The range to repeat runs from the line with "Kết quả một" to the last line below, both ends included; give it exactly and without pictures.

** Opening Supplied entries block **

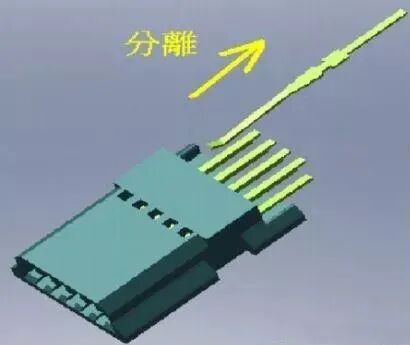 【技术】连接器规范和测试要求的图3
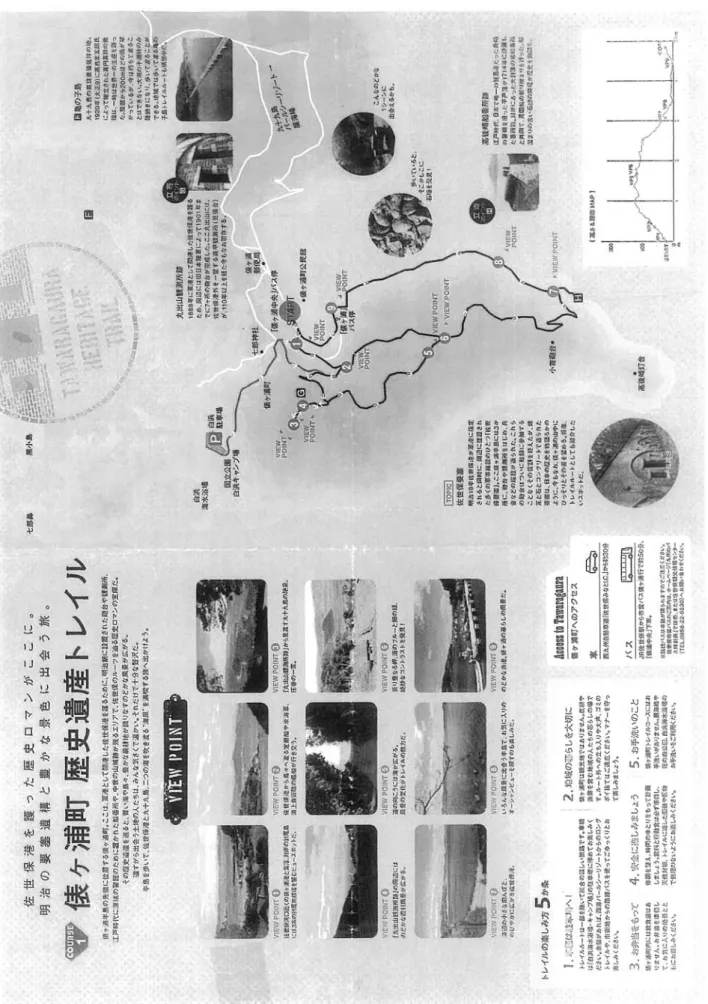 図 3　俵ヶ浦町歴史遺産トレイル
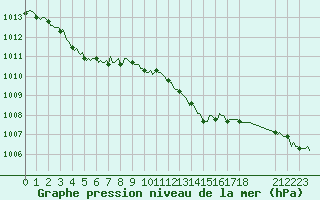 Courbe de la pression atmosphrique pour Voinmont (54)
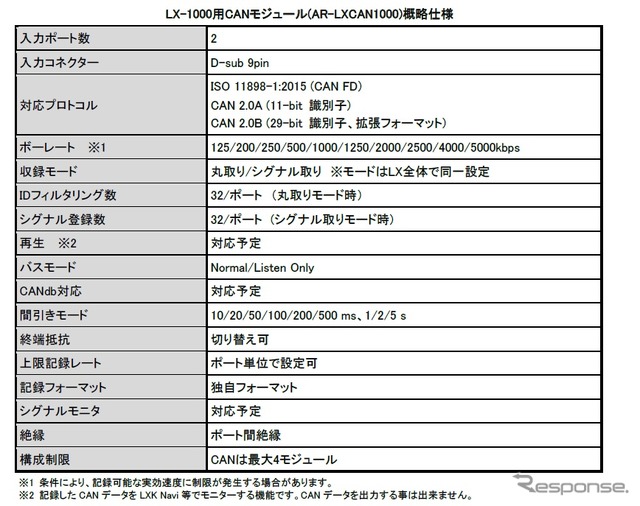 LX-1000用CANモジュール AR-LXCAN1000概略仕様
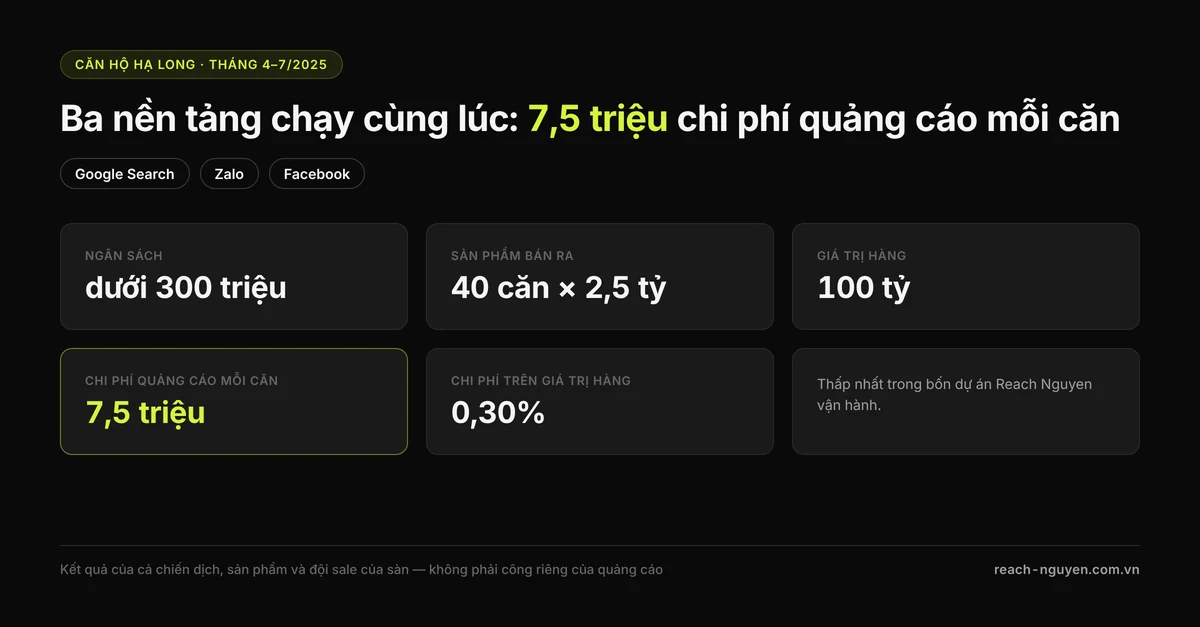 Kết quả một dự án căn hộ Hạ Long chạy đồng thời Google, Zalo và Facebook: ngân sách dưới 300 triệu, 40 căn bán ra, 100 tỷ giá trị hàng, 7,5 triệu chi phí quảng cáo mỗi căn.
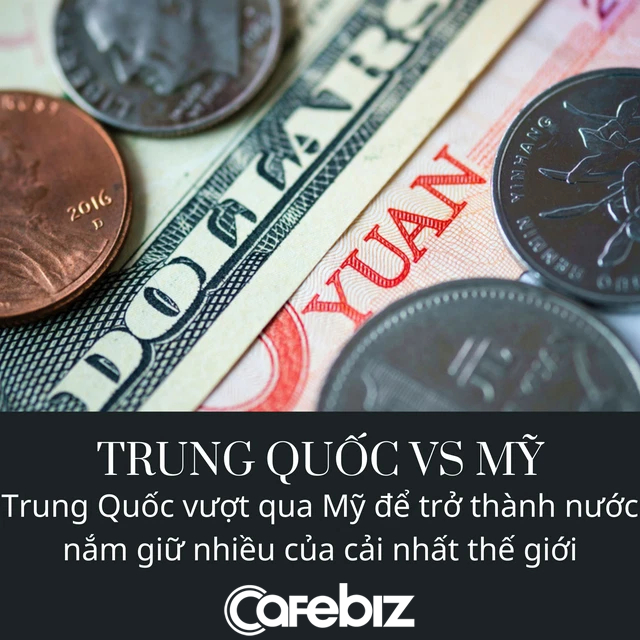 Trung Quốc chính thức vượt Mỹ, trở thành nước giàu nhất thế giới - Ảnh 2.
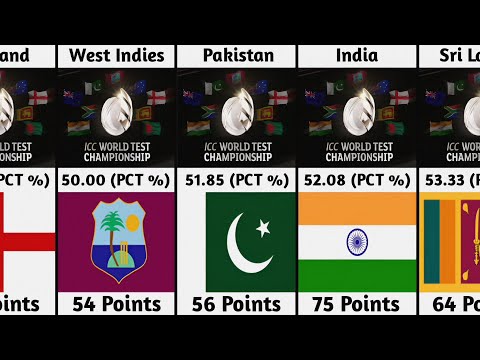 World Test Championship Points Table 2021 to 2023 Final | ICC Test Ranking | Test Cricket Live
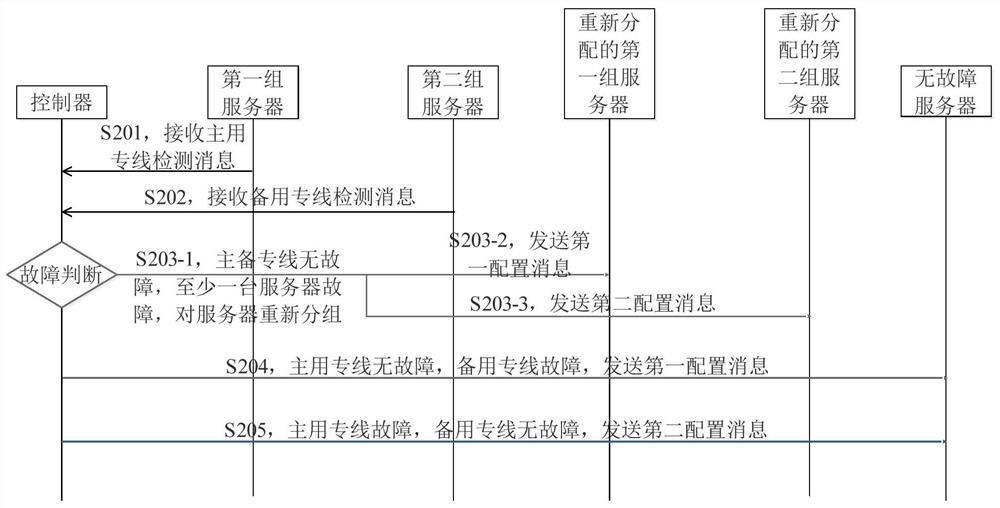 A dedicated line communication method, computer-readable storage medium and terminal device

** Closing Supplied entries block **

** Result of the task **
 Kết quả một dự án căn hộ Hạ Long chạy đồng thời Google, Zalo và Facebook: ngân sách dưới 300 triệu, 40 căn bán ra, 100 tỷ giá trị hàng, 7,5 triệu chi phí quảng cáo mỗi căn.
 Trung Quốc chính thức vượt Mỹ, trở thành nước giàu nhất thế giới - Ảnh 2.
 World Test Championship Points Table 2021 to 2023 Final | ICC Test Ranking | Test Cricket Live
 A dedicated line communication method, computer-readable storage medium and terminal device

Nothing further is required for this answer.